§ EXERCISE BRIEF
From the first line to the last, retype the data below exactly.
[Opening TASK DATA section]
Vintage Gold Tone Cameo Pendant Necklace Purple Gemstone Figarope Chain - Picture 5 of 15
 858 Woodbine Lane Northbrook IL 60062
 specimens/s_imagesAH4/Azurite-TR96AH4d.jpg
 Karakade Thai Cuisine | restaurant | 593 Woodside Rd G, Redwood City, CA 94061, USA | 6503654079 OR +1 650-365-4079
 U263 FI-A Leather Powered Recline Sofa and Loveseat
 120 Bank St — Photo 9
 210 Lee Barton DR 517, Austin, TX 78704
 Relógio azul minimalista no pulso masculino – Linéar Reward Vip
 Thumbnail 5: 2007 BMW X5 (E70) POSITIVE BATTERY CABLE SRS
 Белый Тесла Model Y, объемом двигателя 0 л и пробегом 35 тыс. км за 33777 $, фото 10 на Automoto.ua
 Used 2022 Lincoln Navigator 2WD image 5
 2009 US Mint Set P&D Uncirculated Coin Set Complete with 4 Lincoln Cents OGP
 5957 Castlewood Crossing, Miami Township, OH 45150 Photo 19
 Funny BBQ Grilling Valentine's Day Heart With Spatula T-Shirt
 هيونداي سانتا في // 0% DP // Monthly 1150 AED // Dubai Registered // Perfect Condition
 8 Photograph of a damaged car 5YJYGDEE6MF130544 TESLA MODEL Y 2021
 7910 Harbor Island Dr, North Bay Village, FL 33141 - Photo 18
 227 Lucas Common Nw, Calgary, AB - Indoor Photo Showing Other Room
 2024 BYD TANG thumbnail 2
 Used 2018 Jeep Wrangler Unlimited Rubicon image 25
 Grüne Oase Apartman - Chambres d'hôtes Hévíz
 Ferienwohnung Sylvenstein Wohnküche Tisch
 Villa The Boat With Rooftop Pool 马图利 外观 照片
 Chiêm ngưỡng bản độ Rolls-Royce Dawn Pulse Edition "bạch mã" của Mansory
[Closing TASK DATA section]
§ RESPONSE TO THIS TASK
Vintage Gold Tone Cameo Pendant Necklace Purple Gemstone Figarope Chain - Picture 5 of 15
 858 Woodbine Lane Northbrook IL 60062
 specimens/s_imagesAH4/Azurite-TR96AH4d.jpg
 Karakade Thai Cuisine | restaurant | 593 Woodside Rd G, Redwood City, CA 94061, USA | 6503654079 OR +1 650-365-4079
 U263 FI-A Leather Powered Recline Sofa and Loveseat
 120 Bank St — Photo 9
 210 Lee Barton DR 517, Austin, TX 78704
 Relógio azul minimalista no pulso masculino – Linéar Reward Vip
 Thumbnail 5: 2007 BMW X5 (E70) POSITIVE BATTERY CABLE SRS
 Белый Тесла Model Y, объемом двигателя 0 л и пробегом 35 тыс. км за 33777 $, фото 10 на Automoto.ua
 Used 2022 Lincoln Navigator 2WD image 5
 2009 US Mint Set P&D Uncirculated Coin Set Complete with 4 Lincoln Cents OGP
 5957 Castlewood Crossing, Miami Township, OH 45150 Photo 19
 Funny BBQ Grilling Valentine's Day Heart With Spatula T-Shirt
 هيونداي سانتا في // 0% DP // Monthly 1150 AED // Dubai Registered // Perfect Condition
 8 Photograph of a damaged car 5YJYGDEE6MF130544 TESLA MODEL Y 2021
 7910 Harbor Island Dr, North Bay Village, FL 33141 - Photo 18
 227 Lucas Common Nw, Calgary, AB - Indoor Photo Showing Other Room
 2024 BYD TANG thumbnail 2
 Used 2018 Jeep Wrangler Unlimited Rubicon image 25
 Grüne Oase Apartman - Chambres d'hôtes Hévíz
 Ferienwohnung Sylvenstein Wohnküche Tisch
 Villa The Boat With Rooftop Pool 马图利 外观 照片
 Chiêm ngưỡng bản độ Rolls-Royce Dawn Pulse Edition "bạch mã" của Mansory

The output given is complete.